A friend was preaching through 1Timothy and he arrived at 1Timothy 2:11-13:

A woman must quietly receive instruction with entire submissiveness. But I do not allow a woman to teach or exercise authority over a man, but to remain quiet. For it was Adam who was first created, and then Eve.

His sermon was good until he got to the end, when he said something like:

Now we have seen what God’s Word says, here. I don’t know why He has said it. I think my wife would make a better elder than I do. Yet we have to submit to God’s Word.

This is what I mean by pastors apologizing for God’s Word and truth. To proclaim “God hath said” followed by “I wish God hadn’t said” undercuts God’s authority and Words.

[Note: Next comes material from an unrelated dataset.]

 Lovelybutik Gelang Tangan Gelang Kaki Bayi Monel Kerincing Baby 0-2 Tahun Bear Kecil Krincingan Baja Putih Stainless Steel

Yet this is the habit of even the most conservative pastors today. They do it unconsciously, I think, but they do it relentlessly. Usually it is not as direct as what my friend said above. More typically the pastor will pepper the times he says God’s “no” in his sermon with hedge phrases like, “that’s what it says” and “we all see it” and “this might make you uncomfortable.” There are endless ways of distancing ourselves from God, leaving Him to be the ogre and us simply the bearer of His nasties. But for any servant of God to do this is repulsive.

It is our greatest privilege to preach God’s words to this sinful world, and the fact that His words sound arrogant or authoritarian or out of touch down here in Babylon only highlights what a privilege we have to proclaim His eternal words here in Babylon.

Again, though, this apologetic presentation of God’s words is not the mark of rebellion or unfaithfulness on the part of our shepherd. It’s just weakness, and it would be respectful and helpful for us to share with our shepherd our examination of Scripture for similar apologetic presentations in the preaching and teaching recorded there, explaining to him that Scripture doesn’t commend such hedge words and phrases. Then it might be appropriate to share with him tenderly and humbly that we find such hedge words and phrases disheartening.

Our goal emulating the Bereans is not—absolutely not—to become the pastor’s Great Corrector or “faithful opposition.” Only rarely should we speak to a pastor about what we think he might have done wrong, and when we do so, it should be covered with affection and love which he knows because each time we leave the service, we and our little ones and wife thank him for feeding us. Such a relationship will allow for occasional pushbacks, and the love between congregant and pastor will grow through them.

Every pastor has feet of clay, and this should only lead us to love and care for him more faithfully as he does his work to which he has been called and set apart by God through “the laying on of the hands by the presbytery” (1Timothy 4:4).

But to repeat: it is right for us to strive to be more noble than the Thessalonians by copying the Bereans in:

  1. Receiving the word from our pastors in all readiness of mind.
  2. Examining their words by searching Scripture to see if what they said is true.

Without the second, the first isn’t noble. It’s slothfulness.

Without the first, the second isn’t noble. It’s merely the proud man’s refusal to be taught.